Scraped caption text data
────────────────────










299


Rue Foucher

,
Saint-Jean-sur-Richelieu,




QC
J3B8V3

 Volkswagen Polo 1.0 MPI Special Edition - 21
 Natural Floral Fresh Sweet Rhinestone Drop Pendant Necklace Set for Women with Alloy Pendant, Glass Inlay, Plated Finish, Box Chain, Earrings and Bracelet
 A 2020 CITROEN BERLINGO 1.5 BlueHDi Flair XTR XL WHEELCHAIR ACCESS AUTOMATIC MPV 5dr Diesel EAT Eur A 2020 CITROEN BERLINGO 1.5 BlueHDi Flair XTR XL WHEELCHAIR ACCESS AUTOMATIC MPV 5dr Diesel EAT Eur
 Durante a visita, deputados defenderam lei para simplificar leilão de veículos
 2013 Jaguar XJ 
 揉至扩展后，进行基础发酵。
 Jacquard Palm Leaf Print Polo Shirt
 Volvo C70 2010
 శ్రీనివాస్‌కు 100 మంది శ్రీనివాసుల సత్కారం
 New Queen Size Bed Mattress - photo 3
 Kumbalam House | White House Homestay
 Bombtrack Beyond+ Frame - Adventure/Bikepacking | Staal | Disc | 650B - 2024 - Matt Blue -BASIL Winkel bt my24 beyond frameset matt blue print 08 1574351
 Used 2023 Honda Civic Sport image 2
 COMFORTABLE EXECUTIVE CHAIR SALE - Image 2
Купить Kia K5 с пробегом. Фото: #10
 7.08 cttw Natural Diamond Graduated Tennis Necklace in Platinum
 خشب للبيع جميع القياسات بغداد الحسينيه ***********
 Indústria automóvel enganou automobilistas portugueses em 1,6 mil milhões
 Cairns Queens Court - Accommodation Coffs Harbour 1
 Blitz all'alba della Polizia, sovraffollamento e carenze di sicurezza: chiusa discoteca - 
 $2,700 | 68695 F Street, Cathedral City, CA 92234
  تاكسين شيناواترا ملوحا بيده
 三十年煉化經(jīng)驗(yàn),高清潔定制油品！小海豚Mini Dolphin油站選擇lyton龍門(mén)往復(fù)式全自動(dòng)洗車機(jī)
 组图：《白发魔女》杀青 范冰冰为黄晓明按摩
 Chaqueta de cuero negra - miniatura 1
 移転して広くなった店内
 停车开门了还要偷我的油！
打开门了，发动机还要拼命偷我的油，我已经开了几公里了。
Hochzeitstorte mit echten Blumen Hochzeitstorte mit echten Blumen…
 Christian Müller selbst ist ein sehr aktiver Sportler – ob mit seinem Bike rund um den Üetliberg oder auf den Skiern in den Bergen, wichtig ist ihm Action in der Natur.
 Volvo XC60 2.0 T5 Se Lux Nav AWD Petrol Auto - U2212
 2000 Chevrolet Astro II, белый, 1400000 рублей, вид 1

────────────────────

• What is being asked: Taking the entries above, restate exactly those lines that fall between the line with "Chaqueta de cuero negra - miniatura 1" and the line with "Christian Müller selbst", keeping both of those lines too.

• Response area:
 Chaqueta de cuero negra - miniatura 1
 移転して広くなった店内
 停车开门了还要偷我的油！
打开门了，发动机还要拼命偷我的油，我已经开了几公里了。
Hochzeitstorte mit echten Blumen Hochzeitstorte mit echten Blumen…
 Christian Müller selbst ist ein sehr aktiver Sportler – ob mit seinem Bike rund um den Üetliberg oder auf den Skiern in den Bergen, wichtig ist ihm Action in der Natur.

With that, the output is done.